=== WORK REQUIRED ===
Write out the data below exactly, from its first line to the line containing "C14 - Nice Studio", that line included.

*** SOURCE INFORMATION ***

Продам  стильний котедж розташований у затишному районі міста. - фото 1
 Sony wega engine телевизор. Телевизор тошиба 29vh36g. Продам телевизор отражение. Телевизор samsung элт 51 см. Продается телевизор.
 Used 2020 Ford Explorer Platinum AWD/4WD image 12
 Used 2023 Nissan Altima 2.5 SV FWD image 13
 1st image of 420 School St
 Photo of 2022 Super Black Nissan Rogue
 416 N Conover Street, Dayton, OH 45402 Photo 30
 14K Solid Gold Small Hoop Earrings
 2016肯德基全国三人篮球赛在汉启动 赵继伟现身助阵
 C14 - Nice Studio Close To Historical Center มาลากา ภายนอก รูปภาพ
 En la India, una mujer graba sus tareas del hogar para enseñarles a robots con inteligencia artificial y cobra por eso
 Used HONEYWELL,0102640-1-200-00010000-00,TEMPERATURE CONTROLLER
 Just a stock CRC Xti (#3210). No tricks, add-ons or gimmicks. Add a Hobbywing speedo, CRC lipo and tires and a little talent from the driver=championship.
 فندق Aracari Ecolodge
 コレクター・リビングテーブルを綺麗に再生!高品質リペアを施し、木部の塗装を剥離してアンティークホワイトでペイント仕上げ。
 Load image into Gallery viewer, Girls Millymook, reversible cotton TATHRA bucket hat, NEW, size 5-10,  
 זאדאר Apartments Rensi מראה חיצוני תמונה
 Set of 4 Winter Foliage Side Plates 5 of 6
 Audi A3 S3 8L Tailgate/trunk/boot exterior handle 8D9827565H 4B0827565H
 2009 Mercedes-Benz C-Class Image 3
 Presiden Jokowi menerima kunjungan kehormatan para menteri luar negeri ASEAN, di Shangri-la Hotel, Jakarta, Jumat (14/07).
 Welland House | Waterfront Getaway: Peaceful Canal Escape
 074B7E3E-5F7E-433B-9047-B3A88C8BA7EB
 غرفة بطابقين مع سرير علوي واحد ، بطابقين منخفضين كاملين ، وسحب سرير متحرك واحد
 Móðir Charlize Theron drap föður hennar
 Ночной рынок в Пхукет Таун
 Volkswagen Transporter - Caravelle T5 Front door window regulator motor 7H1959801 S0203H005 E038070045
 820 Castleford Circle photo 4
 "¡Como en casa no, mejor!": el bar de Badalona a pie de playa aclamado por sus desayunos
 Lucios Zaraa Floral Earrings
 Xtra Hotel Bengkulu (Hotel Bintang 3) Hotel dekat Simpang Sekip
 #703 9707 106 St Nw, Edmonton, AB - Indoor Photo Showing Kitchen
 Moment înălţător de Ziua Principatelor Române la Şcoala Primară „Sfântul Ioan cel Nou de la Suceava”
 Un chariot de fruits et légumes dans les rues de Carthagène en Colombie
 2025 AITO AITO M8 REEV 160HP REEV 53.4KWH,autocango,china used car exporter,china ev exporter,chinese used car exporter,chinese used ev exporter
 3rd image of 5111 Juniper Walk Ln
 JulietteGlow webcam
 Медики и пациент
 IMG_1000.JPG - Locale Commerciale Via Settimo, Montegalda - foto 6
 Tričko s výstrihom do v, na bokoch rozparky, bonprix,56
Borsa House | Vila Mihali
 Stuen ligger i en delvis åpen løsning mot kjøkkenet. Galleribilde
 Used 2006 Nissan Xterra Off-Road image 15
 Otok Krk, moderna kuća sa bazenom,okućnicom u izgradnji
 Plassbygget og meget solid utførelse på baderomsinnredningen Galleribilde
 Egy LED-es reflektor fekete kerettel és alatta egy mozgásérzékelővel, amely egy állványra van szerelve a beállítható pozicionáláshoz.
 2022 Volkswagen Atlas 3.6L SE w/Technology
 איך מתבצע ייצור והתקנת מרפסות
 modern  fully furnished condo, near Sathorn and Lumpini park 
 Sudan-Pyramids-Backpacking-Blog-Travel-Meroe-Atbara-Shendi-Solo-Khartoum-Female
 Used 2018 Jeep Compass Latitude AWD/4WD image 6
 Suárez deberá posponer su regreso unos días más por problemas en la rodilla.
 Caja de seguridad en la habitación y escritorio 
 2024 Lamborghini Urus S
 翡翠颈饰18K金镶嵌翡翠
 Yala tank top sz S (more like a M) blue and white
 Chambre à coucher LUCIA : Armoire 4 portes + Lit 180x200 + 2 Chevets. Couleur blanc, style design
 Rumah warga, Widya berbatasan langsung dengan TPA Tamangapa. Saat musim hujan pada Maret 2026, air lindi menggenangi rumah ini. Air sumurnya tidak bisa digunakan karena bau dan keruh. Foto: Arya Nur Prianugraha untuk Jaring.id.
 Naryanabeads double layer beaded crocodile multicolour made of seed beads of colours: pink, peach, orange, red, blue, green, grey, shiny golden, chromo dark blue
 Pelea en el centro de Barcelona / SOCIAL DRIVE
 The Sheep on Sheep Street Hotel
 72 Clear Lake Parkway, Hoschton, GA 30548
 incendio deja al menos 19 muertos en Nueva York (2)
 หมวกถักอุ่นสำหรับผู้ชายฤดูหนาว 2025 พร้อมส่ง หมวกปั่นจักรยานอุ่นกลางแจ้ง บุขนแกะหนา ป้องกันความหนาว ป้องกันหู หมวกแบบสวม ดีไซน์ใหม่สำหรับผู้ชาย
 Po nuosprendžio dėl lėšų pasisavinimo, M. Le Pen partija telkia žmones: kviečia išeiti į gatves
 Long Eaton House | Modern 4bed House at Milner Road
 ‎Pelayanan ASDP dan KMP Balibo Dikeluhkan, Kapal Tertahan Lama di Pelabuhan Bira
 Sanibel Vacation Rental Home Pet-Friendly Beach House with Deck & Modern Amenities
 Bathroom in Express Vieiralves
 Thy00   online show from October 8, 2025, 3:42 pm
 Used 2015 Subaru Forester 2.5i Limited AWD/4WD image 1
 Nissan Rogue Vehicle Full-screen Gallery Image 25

*** End of SOURCE INFORMATION ***

=== SOLUTION TO THIS EXERCISE ===
Продам  стильний котедж розташований у затишному районі міста. - фото 1
 Sony wega engine телевизор. Телевизор тошиба 29vh36g. Продам телевизор отражение. Телевизор samsung элт 51 см. Продается телевизор.
 Used 2020 Ford Explorer Platinum AWD/4WD image 12
 Used 2023 Nissan Altima 2.5 SV FWD image 13
 1st image of 420 School St
 Photo of 2022 Super Black Nissan Rogue
 416 N Conover Street, Dayton, OH 45402 Photo 30
 14K Solid Gold Small Hoop Earrings
 2016肯德基全国三人篮球赛在汉启动 赵继伟现身助阵
 C14 - Nice Studio Close To Historical Center มาลากา ภายนอก รูปภาพ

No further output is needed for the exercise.